ARMANDE ALTAI : "NOLWENN IRA LOIN"

Du quintet restant, elle est la seule à posséder ce don. Celui d'être toujours remarquée même quand elle est à l'écart. Singularisée pieds nus sur le plateau pour mieux signifier son mystère. Signalée en bout de table en conférence de presse, non pas par des éclats de voix intempestifs, mais par la photogénie de son visage. Brillante lorsqu'elle déroule son timbre de voix au milieu des autres académyciens ... Nolwenn grave son empreinte dans les esprits comme la romancière Emily Brontë a su l'épanouir en littérature avec "Autant en emporte le vent."
La brune Saint-Yorraise en impose. "Je ne veux pas être formatée. Je n'aime pas les mondanités. La mélancolie est en moi, la joie aussi. Je veux rester moi."
Sans strass, Nolwenn respire à voix haute une véritable fibre artistique. Une manière de s'imposer sans simagrées, qui attise d'ailleurs des jalousies rarement déclarées. "Nolwenn par ci, Nolwenn par là, mais elle est la plus fausse de tous" soulignent ses détracteurs, qui ne sont pas uniquement Georges Alain et Houcine. Leur grand soulagement ? "De toutes façons, l'idéal Star Ac, c'est Emma."
Pourtant, "même si elle ne gagne pas le 21 décembre, Nolwenn sera sollicitée par une maison de disques" affirment les pointures du showbiz dans les couloirs. Et Armande Altaï, qui regrette "la fausse allégeance d'Emma", est là pour les convaincre. Un verre d'eau glacée à la main, l'exéburante mais non moins profonde professeur de chant, insiste : "Nolwenn ira loin. En terme de musicalité, elle est beaucoup plus en avance que les autres élèves. Je la vois mener une carrière internationale dans le pop rock. Elle balance l'anglais sublimement." Et d'ajouter : "Nolwenn est capable de plaire à une autre clientèle que Star Academy."

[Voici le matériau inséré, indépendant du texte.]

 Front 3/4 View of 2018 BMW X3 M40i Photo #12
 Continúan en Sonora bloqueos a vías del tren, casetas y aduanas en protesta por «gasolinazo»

Armande la connaît mieux que quiconque dans le milieu. En février 2001, bien avant les castings, une jeune fille s'était présentée à son cours, salle Offenbach au centre du Marais. Timide à l'extrême, voûtait, elle rentrait des Etats Uni et voulait progresser dans ses vibratos. Son regard azur était noyé par de grosses lunettes. Tremblante, elle avait chanté "La vie en rose". Fusion d'oreilles. Armande réalisait là, la beauté et le talent d'une fillette proche de la maturité, Nolwenn. "Elle est réservée et romanesque. Son combat, je peux vous le dire à 58 ans, sera d'être douée et belle dans un monde peuplé de méchants."
En attendant, Nolwen participe à la tournée Star Academy 2. Elle sera à Clermont ferrand, maison des Sports, le 30 mai 2003.